What to work on -
Within the material below, locate the line with "1 slaapkamer, een bureau, reisbedje, wifi" and the line with "Renault GAMAT T460 - 12", then return those two lines and all lines between them, exactly as written.
*** Opening of Source material ***
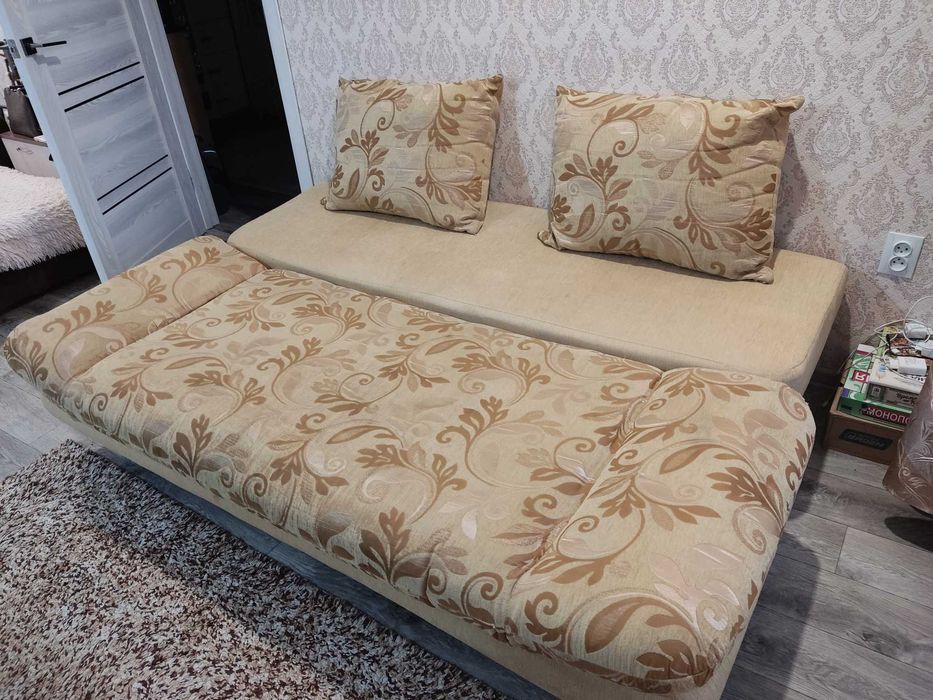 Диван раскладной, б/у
*** Close of Source material ***
*** Opening of Source material ***
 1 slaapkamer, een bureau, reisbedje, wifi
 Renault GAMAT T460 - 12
*** Close of Source material ***
*** Opening of Source material ***
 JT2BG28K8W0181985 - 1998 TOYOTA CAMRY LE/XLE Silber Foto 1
*** Close of Source material ***
Answer section -
 1 slaapkamer, een bureau, reisbedje, wifi
 Renault GAMAT T460 - 12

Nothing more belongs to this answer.